# Activity
The answer must be an exact copy of the lines from the one with "Casa, 5 quartos, 326 m² - Foto 1" through the final line of the records below, with no pictures.

Short text fragments from websites
·····

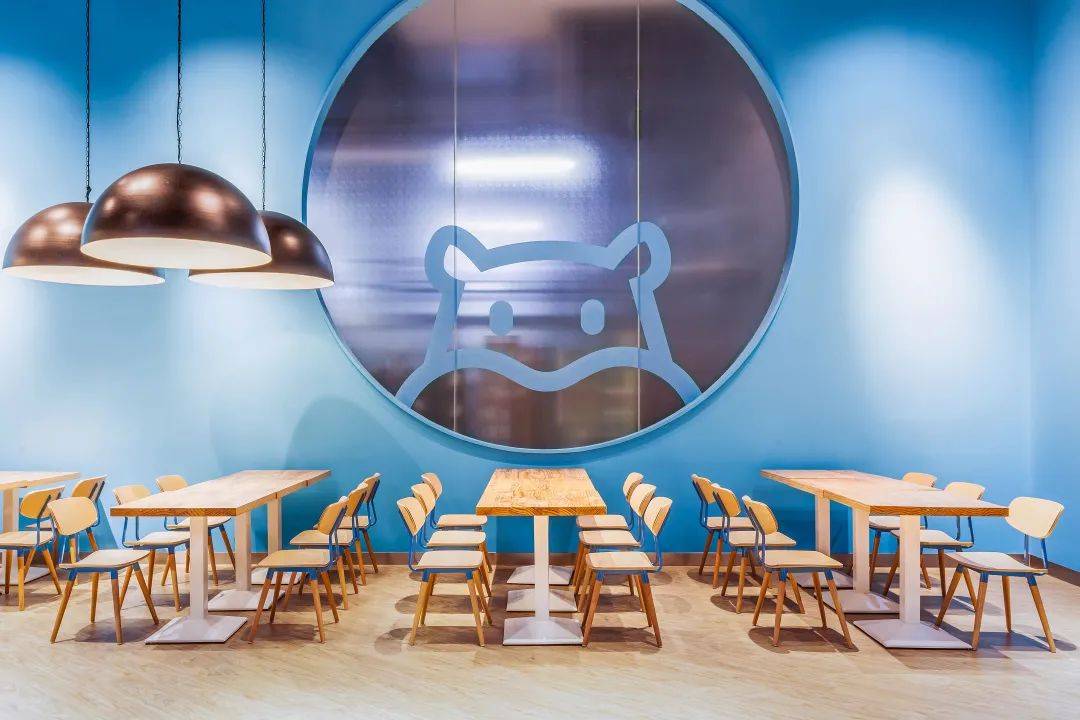 粤菜阿里巴巴盒马机器人餐厅，打造未来概念的餐饮空间设计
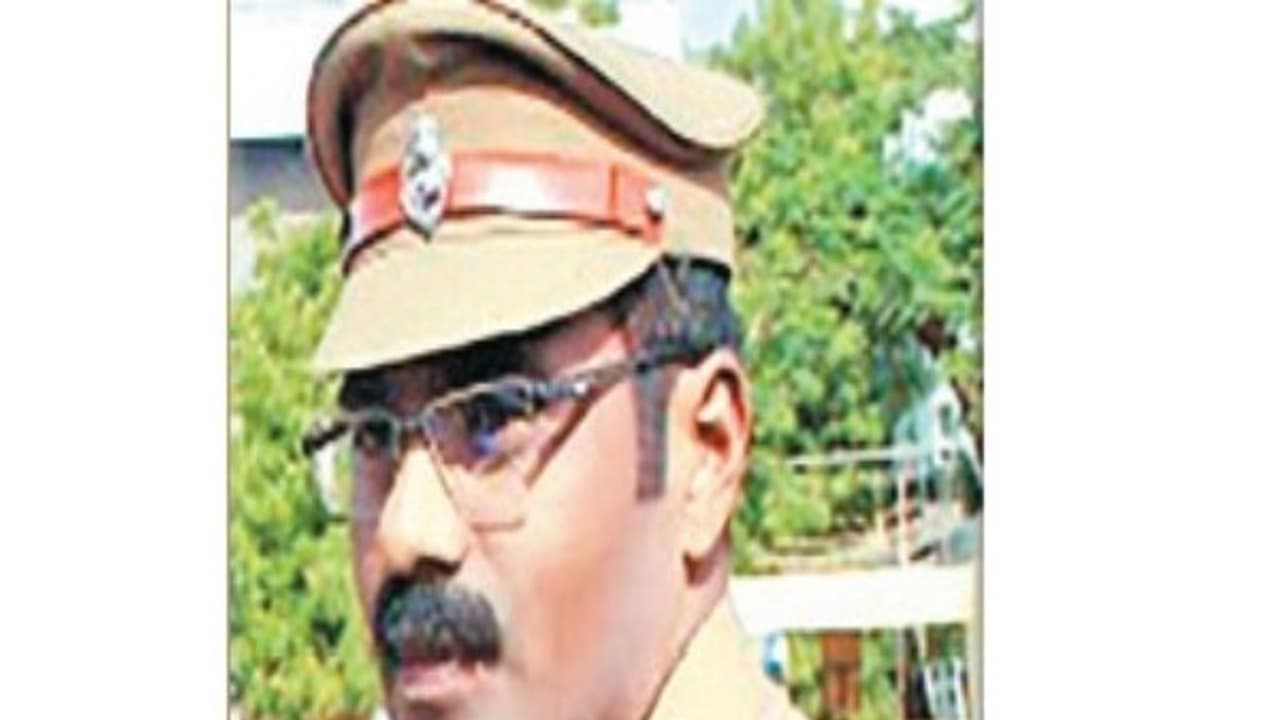 வழக்கறிஞரை தாக்குவதா? காவல் ஆய்வாளர் உட்பட 7 பேர் சஸ்பெண்ட்...! வழக்கறிஞரை தாக்குவதா? காவல் ஆய்வாளர் உட்பட 7 பேர் சஸ்பெண்ட்...!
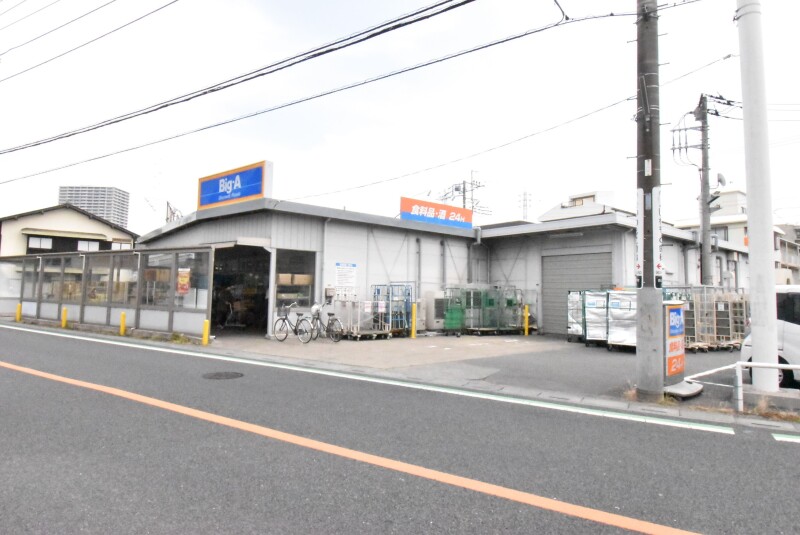 ��ʌ��z�J�s�ԎR���Q���ڂ̃}���V�����̎���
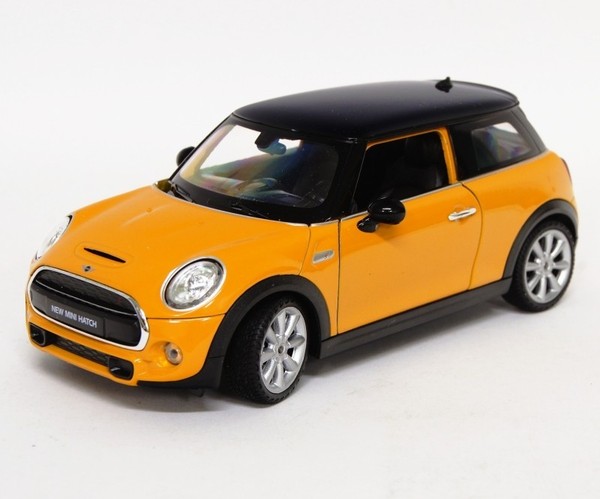 New Mini Hatch pomarańczowy Skala 1:24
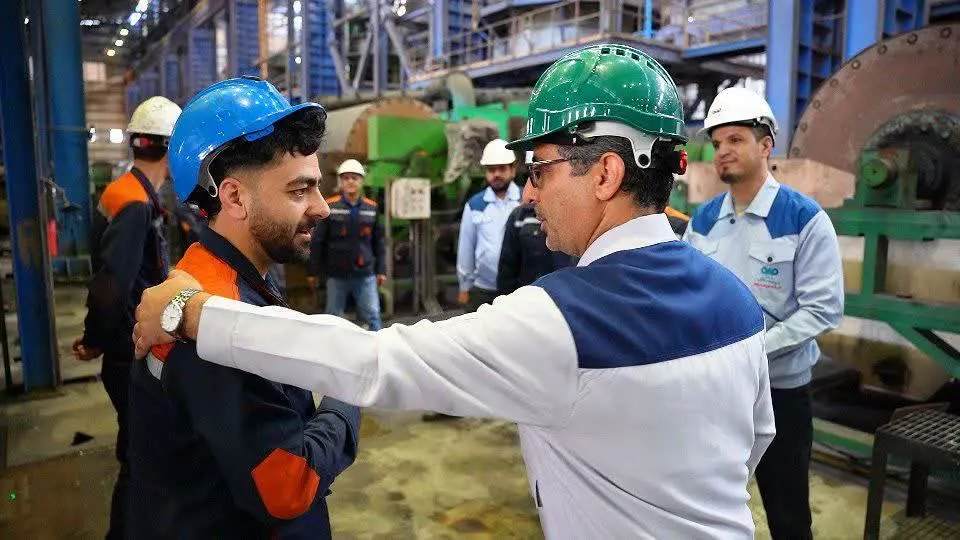 همیشه پای کار تولید
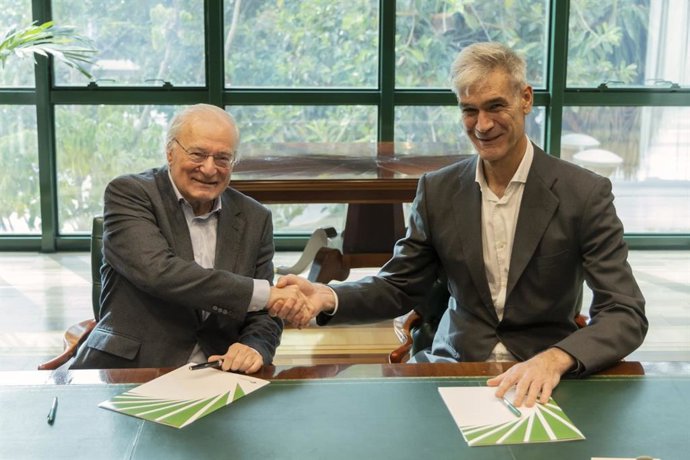 El convenio ha sido suscrito por los presidentes de Unicaja Banco y de la ACB, Manuel Azuaga y Antonio Martín, respectivamente.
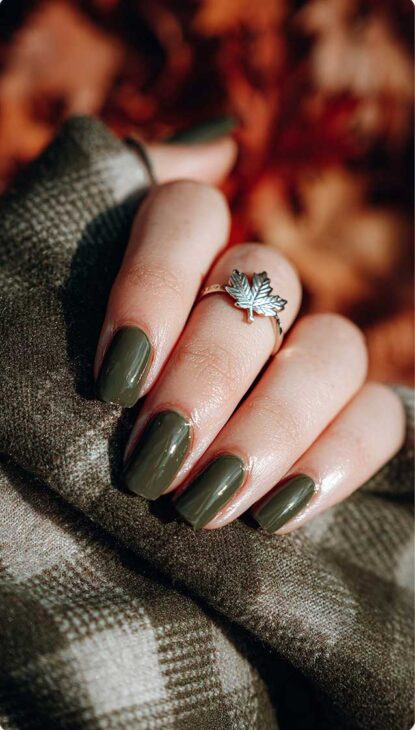 plain green fall nails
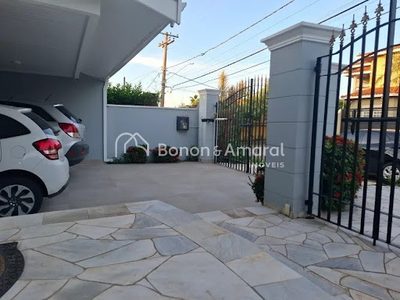 Casa, 5 quartos, 326 m² - Foto 1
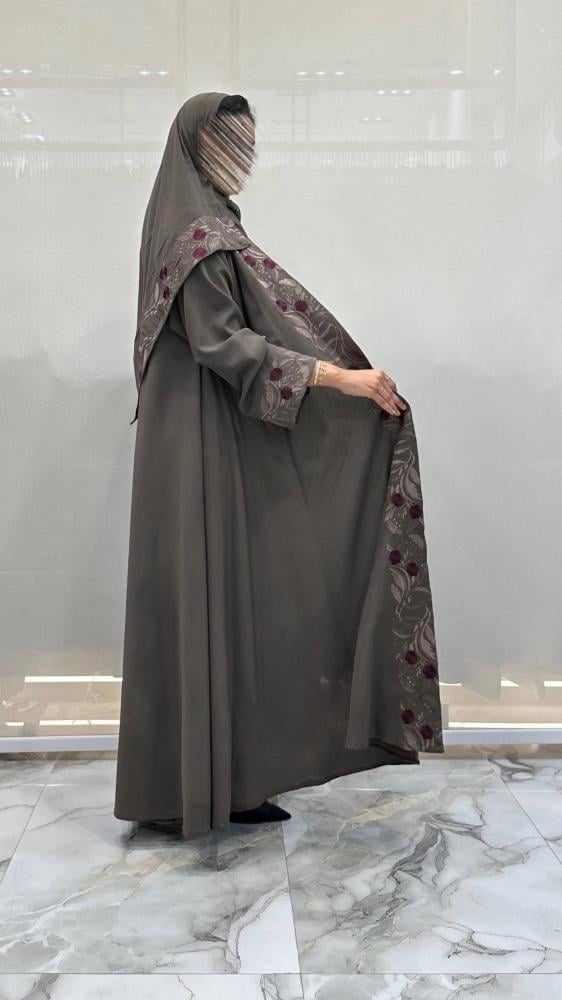 عباية غنى للون بني دبل كلوش تطريز عنابي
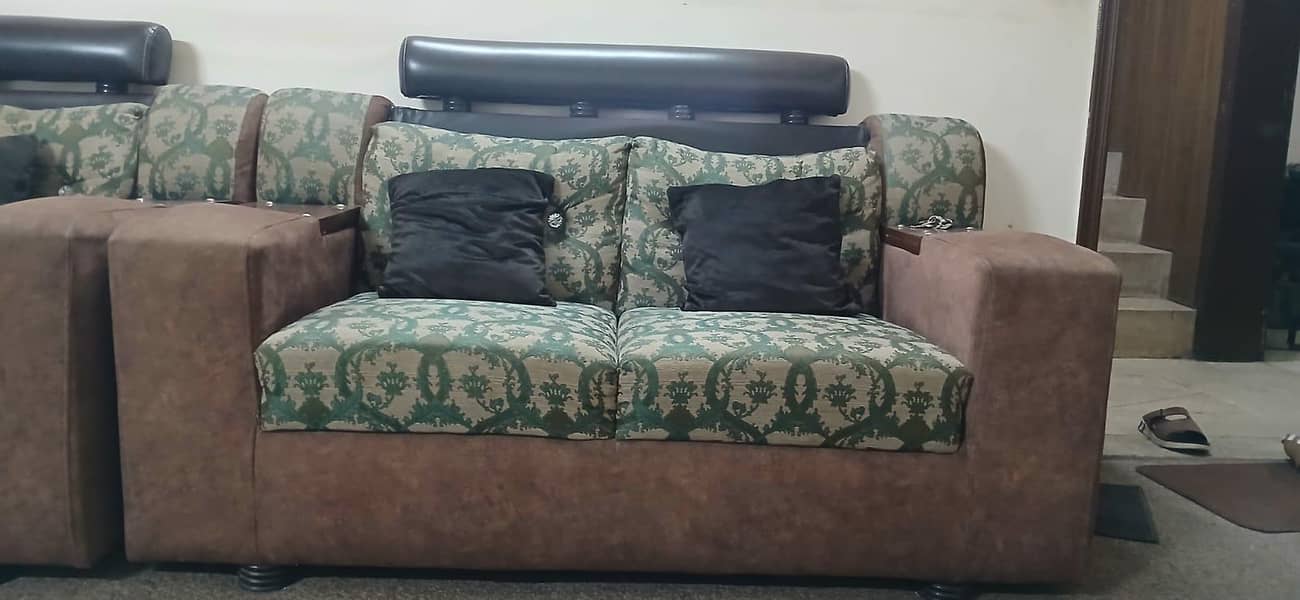 Sofa Set (3-2-1) with centre table 2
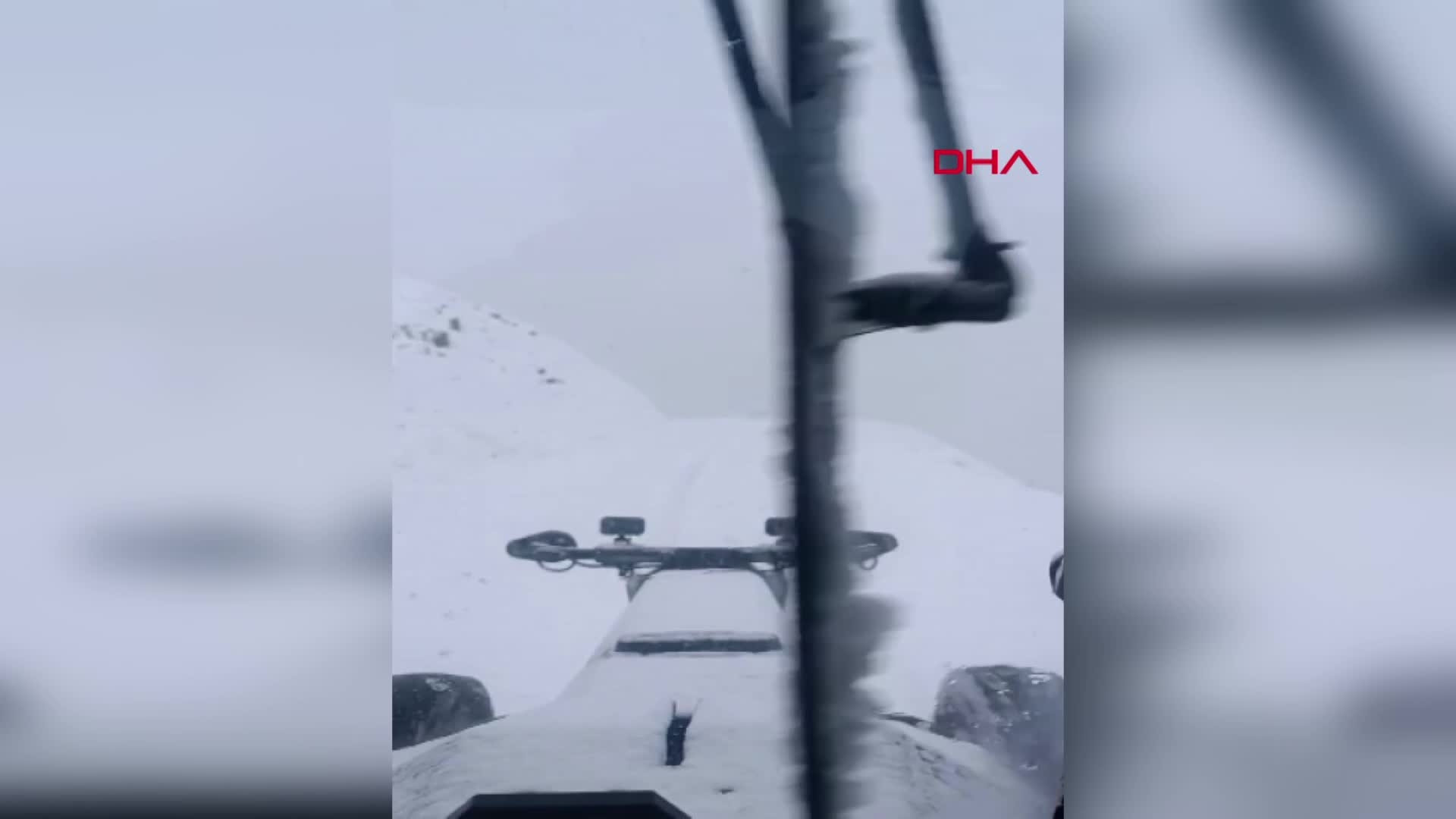 Birçok ilde kar sürprizi Yollar kapandı... Her yer beyaza büründü, hava sıcaklığı sıfırın altına indi Birçok ilde kar sürprizi Yollar kapandı... Her yer beyaza büründü, hava sıcaklığı sıfırın altına indi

·····

# Reply to the task
 Casa, 5 quartos, 326 m² - Foto 1
 عباية غنى للون بني دبل كلوش تطريز عنابي
 Sofa Set (3-2-1) with centre table 2
 Birçok ilde kar sürprizi Yollar kapandı... Her yer beyaza büründü, hava sıcaklığı sıfırın altına indi Birçok ilde kar sürprizi Yollar kapandı... Her yer beyaza büründü, hava sıcaklığı sıfırın altına indi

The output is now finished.